### Data provided ###

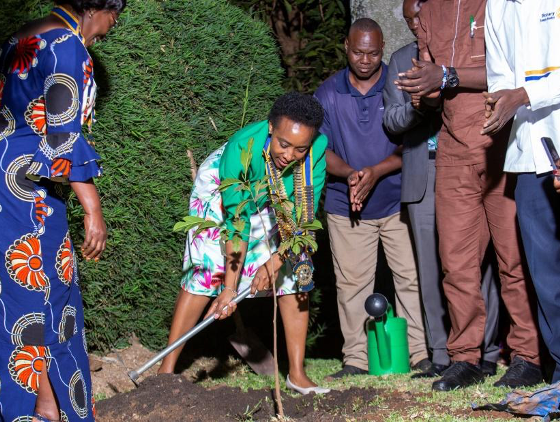 Governor Christine planting a tree on official visit to RC K,la Nsmabya -21st . Oct. 2025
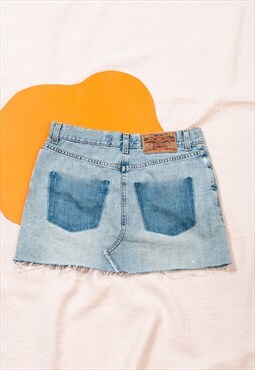 Vintage Crocker Skirt Y2K Reworked Grunge Rave Denim Mini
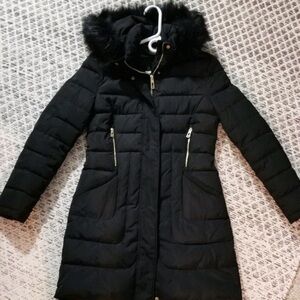 Long Black Puffer Coat with Gold Accents Fur Trim Hood XL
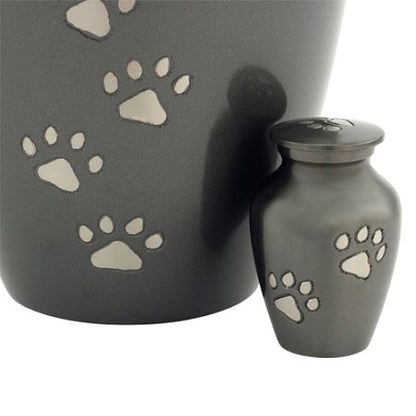 Classic Slate Pet Keepsake Cremation Urn for Ashes, Brass, Gray Urn, Dog Urn, Cat Urn, Keepsake Sized Pet Urn, 2.75 Inches High - color: Gray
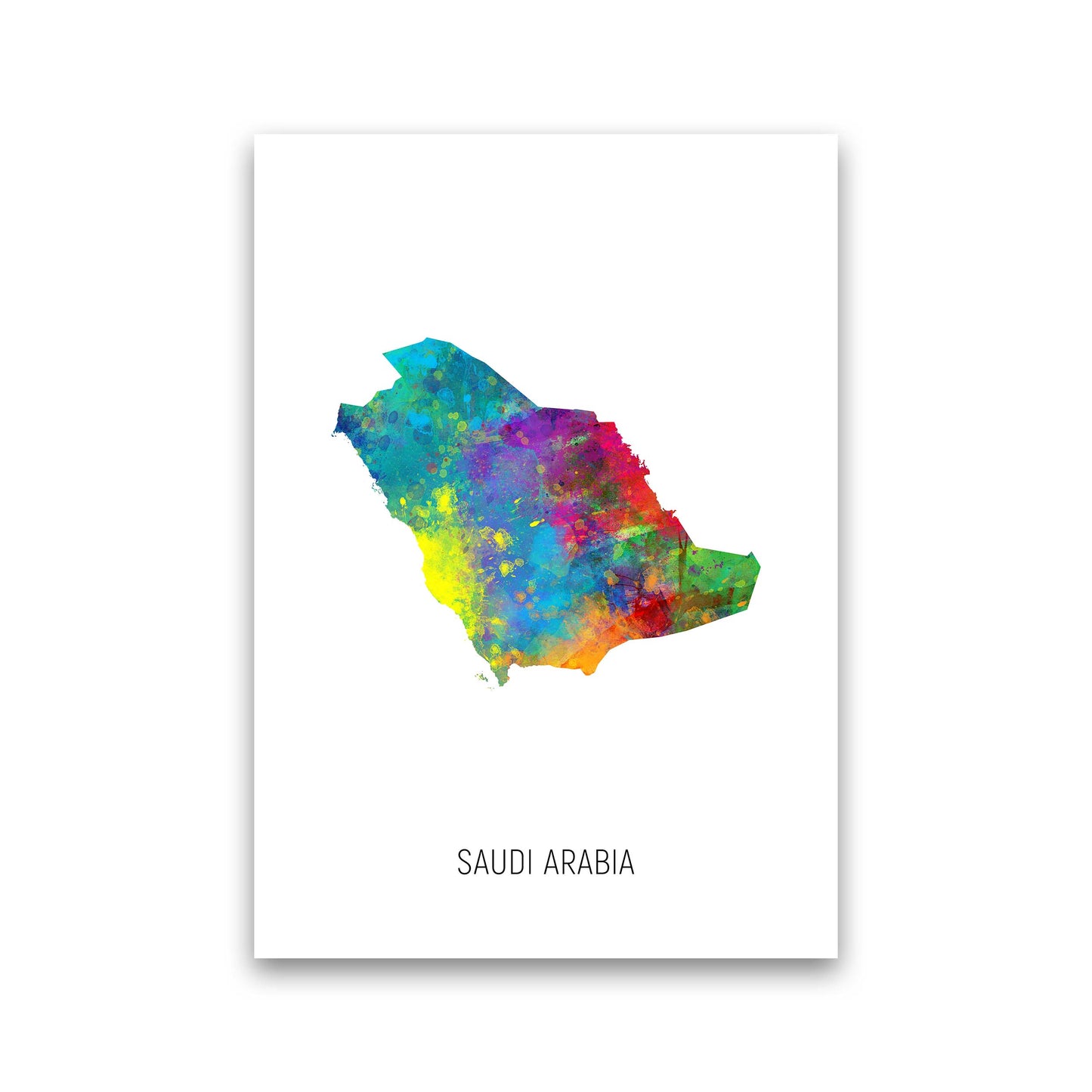 Saudi Arabia Watercolour Map Art Print by Michael Tompsett Print Only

###

The result is an exact copy of the lines from the one holding "Long Black Puffer" through the final line of the data above, both ends included, minus the pictures.

 Long Black Puffer Coat with Gold Accents Fur Trim Hood XL
 Classic Slate Pet Keepsake Cremation Urn for Ashes, Brass, Gray Urn, Dog Urn, Cat Urn, Keepsake Sized Pet Urn, 2.75 Inches High - color: Gray
 Saudi Arabia Watercolour Map Art Print by Michael Tompsett Print Only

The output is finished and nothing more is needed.